I really like this, but I think it is going to be annoying that you can't operate the on/off switch. I have one of the waterproof bags now for reading the Kindle in the tub or at the beach and I can't operate the on/off switch with that either. The problem is, if I stop reading for a while, the Kindle goes to sleep, then I have to open it up and touch it with wet hands or expose it to sand and dust just to turn it back on again.


----------



## drenee (Nov 11, 2008)

Betsy, Medge knows you and mentions you by name -- how exciting!!
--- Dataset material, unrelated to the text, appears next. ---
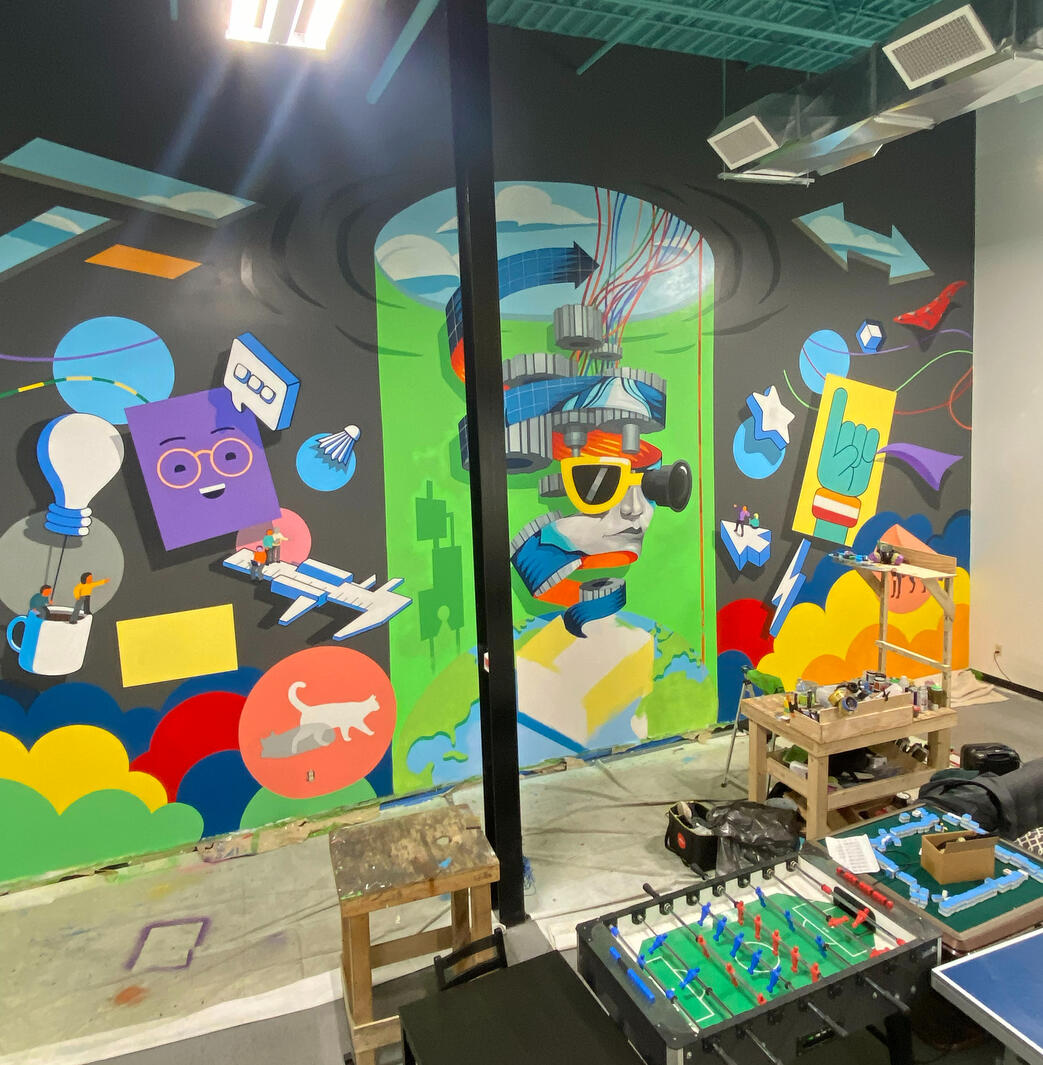 Kitchen Fun Room Mural 02 Kitchen Fun Room Mural 02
I love this case.  I'm very excited about it.  
Harvey, thanks for all the great pics.  
deb


----------



## Dana (Dec 4, 2009)

Really like the looks of this...  great protection for the Kindle...  Looks waterproof and practically crush proof too.  I, too, would like to see access to the on/off switch... but.... this is still cool.


----------



## Jason in MA (Apr 28, 2009)

I agree with the comments mentioned earlier about the on/off switch. I think that's going to be a critical issue that seems easy to overlook at this point. But once you're actually using the product in a wet/sandy environment, it compromises the entire point of the case if you must open it up to wake your Kindle from sleep. I'll be interested to hear the comments of the early reviewers who use it in its intended environment.


----------



## sebat (Nov 16, 2008)

It reminds me of the case I use on my camera for underwater photos.  I'm excited!


----------



## HappyGuy (Nov 3, 2008)

I have a K1, so sorry if this is obvious, but ...  isn't the on/off switch used to sleep/waken the K2? I would think in that case that access to the on/off switch would be vital.


----------



## Susan in VA (Apr 3, 2009)

Much as I like the look and feel of my Oberon, this cover looks like the way to go for travel.  
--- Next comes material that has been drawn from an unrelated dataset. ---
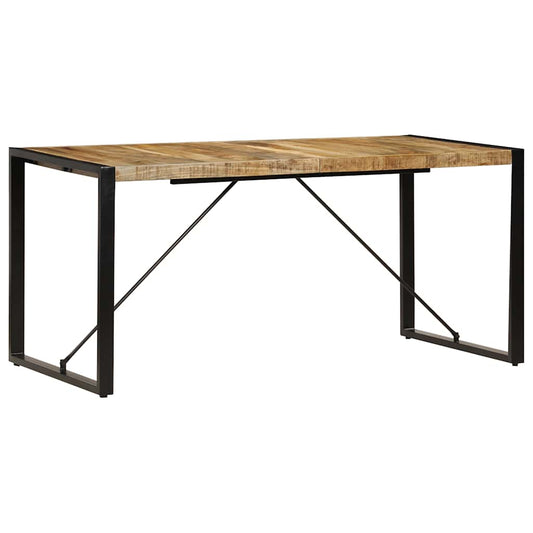 vidaXL Dining Table 160x80x75 cm Solid Mango Wood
If they make it for the DX as well, it seems like it would be perfect for those people who use theirs out and about on the job with blueprints, screenplays, maps...


----------



## drenee (Nov 11, 2008)

I'm seeing an orange and a red and a blue.  I wonder if there are any other colors. 
deb


----------



## Shellybean (Apr 22, 2009)

This goes a long way toward makeing the Kindle more kid friendly though the on and off switch being unaccessible could be a bit awkward.

My 10yo son is an voracious reader and he is constantly eyeballing my K2. I seriously considered a K1 for him for Christmas but decided against it because of the fragility. He's not known to be the most conscientious about putting things where they are safe when he's finished and I'm very afraid a K would die an awful death by being stepped on on his bedroom floor...


----------



## sebat (Nov 16, 2008)

FearNot said:


> Isn't the on/off switch used to sleep/waken the K2? I would think in that case that access to the on/off switch would be vital.


I guess I missed that the first time around.

If I can't access the on/off switch without opening the case, I would not even consider purchasing this. I know it's possible and easy to do...I can access all the buttons and sliders on my Canon camera without any problems. The camera case has an extender inside that pushes the slider when I push the slider on the outside of the case.

If it seals like the underwater camera case, one grain of sand could make it leak so I wouldn't consider opening it down on the beach. I also don't want to grease my kindle up with sun screen. I want to be able to seal the case before I leave the house and not open it back up until I get home.


----------



## gadgetgirl003 (Mar 22, 2009)

sebat said:


> If I can't access the on/off switch without opening the case, I would not even consider purchasing this. I know it's possible and easy to do...I can access all the buttons and sliders on my Canon camera without any problems. The camera case has an extender inside that pushes the slider when I push the slider on the outside of the case.
> 
> If it seals like the underwater camera case, one grain of sand could make it leak so I wouldn't consider opening it down on the beach. I also don't want to grease my kindle up with sun screen. I want to be able to seal the case before I leave the house and not open it back up until I get home.


I totally agree with you. Shoot it would go into sleep mode just going from my room to the beach. Hopefully, as m-edge sees peoples comments about it, they will consider slightly redesigning it and making the on/off button accessible.


----------



## Magenta (Jun 6, 2009)

Thank you for the update and pictures.  

I tenth the comments about the on/off switch.  Without access to that, the case looses it's appeal.  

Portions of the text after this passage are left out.